§ TASK OBJECTIVE
Go through the data below and copy each line that includes "Gallery".

BEGIN EXERCISE DATA

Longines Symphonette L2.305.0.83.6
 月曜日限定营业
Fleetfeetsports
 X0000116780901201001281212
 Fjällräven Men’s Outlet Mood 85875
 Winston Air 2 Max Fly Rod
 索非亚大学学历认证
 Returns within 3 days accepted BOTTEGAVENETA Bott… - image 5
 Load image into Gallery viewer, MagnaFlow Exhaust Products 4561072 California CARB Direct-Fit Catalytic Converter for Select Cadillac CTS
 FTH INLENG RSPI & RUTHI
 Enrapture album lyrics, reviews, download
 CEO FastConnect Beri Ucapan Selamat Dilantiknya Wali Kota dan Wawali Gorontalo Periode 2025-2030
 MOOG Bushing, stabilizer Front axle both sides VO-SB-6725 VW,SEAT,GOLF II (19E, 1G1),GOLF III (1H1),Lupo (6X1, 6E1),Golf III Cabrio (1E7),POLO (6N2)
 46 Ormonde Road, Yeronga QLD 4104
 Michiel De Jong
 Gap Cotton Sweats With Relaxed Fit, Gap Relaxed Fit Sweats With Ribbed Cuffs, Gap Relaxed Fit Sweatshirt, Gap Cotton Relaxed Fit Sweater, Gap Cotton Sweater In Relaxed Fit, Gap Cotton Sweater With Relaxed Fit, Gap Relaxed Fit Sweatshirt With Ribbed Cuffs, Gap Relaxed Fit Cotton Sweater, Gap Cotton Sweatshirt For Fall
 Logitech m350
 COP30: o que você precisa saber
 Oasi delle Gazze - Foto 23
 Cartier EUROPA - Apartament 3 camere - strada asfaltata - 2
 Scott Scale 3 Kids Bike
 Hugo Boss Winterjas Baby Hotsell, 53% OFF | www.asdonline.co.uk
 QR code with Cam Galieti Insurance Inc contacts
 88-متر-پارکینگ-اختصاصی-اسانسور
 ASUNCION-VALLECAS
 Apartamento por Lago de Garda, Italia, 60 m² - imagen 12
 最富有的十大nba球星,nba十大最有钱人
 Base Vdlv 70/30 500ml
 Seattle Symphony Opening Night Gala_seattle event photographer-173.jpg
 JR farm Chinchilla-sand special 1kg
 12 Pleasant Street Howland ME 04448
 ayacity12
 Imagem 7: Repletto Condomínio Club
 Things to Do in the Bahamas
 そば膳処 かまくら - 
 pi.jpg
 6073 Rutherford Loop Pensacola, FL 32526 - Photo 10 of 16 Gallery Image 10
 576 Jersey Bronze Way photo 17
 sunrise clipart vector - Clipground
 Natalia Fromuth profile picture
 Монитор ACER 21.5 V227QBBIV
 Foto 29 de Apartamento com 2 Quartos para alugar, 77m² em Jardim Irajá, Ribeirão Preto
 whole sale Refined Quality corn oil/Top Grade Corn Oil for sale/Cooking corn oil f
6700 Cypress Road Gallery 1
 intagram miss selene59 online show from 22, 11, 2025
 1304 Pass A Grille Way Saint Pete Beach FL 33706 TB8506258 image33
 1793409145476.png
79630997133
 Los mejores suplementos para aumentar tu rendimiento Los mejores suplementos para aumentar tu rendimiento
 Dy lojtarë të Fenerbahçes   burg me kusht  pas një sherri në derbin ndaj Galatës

END EXERCISE DATA

§ RESPONSE TO THE EXERCISE
 Load image into Gallery viewer, MagnaFlow Exhaust Products 4561072 California CARB Direct-Fit Catalytic Converter for Select Cadillac CTS
 6073 Rutherford Loop Pensacola, FL 32526 - Photo 10 of 16 Gallery Image 10
6700 Cypress Road Gallery 1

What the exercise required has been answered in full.